Thursday, March 25, 2010

The Therapy Blues

Some therapy days, days which I have a therapy appointment, I just have to wonder why. Why do I pay $30.00 a pop , why do I show up, why do I schedule things around these appointments and drive out so far? After all I have a lot of other shit to do and other uses for $30.00 american of my hard earned money.
But I do show up. I pay $30.00 a pop. I drive out across to the other county. I even take my daughters, they're in therapy too. We're all in therapy. It all started with my youngest daughter and her treatment for her ADHD in 2008. By the end of that year, my marriage was shit, I had left my wife of 17 years, and I was getting divorced. By early 2009, I was a client.
I was trying to unfuck my life. When I really fuck up, when I really need help. I go to a catholic priest. Preferably Fr. Frank, but he's in another parish and it's hell to try to get time with him. So I settle for my parish priest and that's a so so relationship for more so so results. After all, one is talking to a Roman Catholic priest.
A priest is far better a therapist, no matter how bad I fuck up, than any professionally trained, experienced, disciplined, therapuetic therapist. That still didn't save my marriage. So now I see my daughter's therapist. With her, some visits are better than others.
This therapist is a social worker by training, she's married with teenage children of her own. She's Roman Catholic. We were initially refered to her by our daughter's child psychiatrist, the one who prescribed and manages my girl with the strattera. I thought she could help. She did, my daughter anyway. She couldn't do shit for my then wife and myself.

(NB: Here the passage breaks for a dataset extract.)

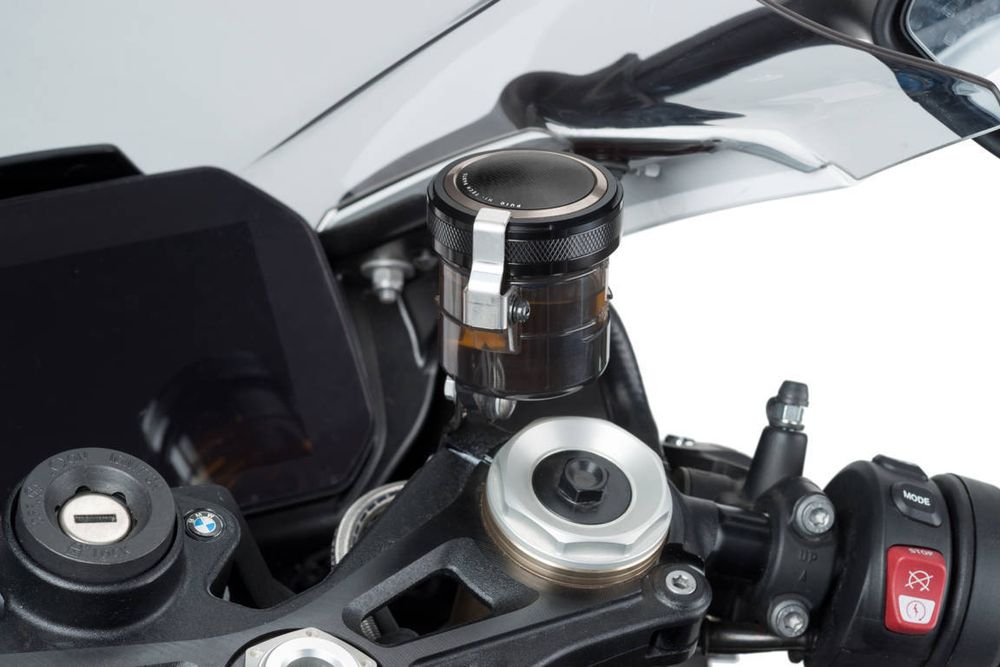 PUIG 9264P Vorderer Bremsflüssigkeitsbehälterdeckel  passend fuer SUZUKI GSX-R750 Silber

No, that kind of help has to come from within. One has to want help. On has to help ones self. My then wife didn't want that help. She never did, not in the entire 17 years we were married. Neither did I for that matter.

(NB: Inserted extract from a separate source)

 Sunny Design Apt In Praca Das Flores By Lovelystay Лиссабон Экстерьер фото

I'm not perfect. I have my issues. We had our issues. I can be difficult to live with and difficult to love. Had I known then what I know now - I would have not married her in the first place. Of course, with marriage, no one really knows then. One just does it. We did.
The only good to come out of that marriage are our daughters. The rest of it, the way we treated ourselves as a husband and wife was all shit. The sex was good, great sometimes. But one shouldn't base their marriage on sex alone. Not good, I should know because I tried.
On the flip side of that coin, one should go into a marriage with a littler more better preparation than just knowing each other for barely 3 months before standing in front of a JP saying "I do".
Don't ask me, I don't know. I do know that I do love my children. I even love my ex-wife still in a sort of weird way. I must, I still put up with her shit to the tune of $557.00 every other friday. Or is that just my love affair with my personal freedoms and not wanting to go jail for not paying court ordered child support?
I don't know. I don't know shit. Now if I could just quit smoking.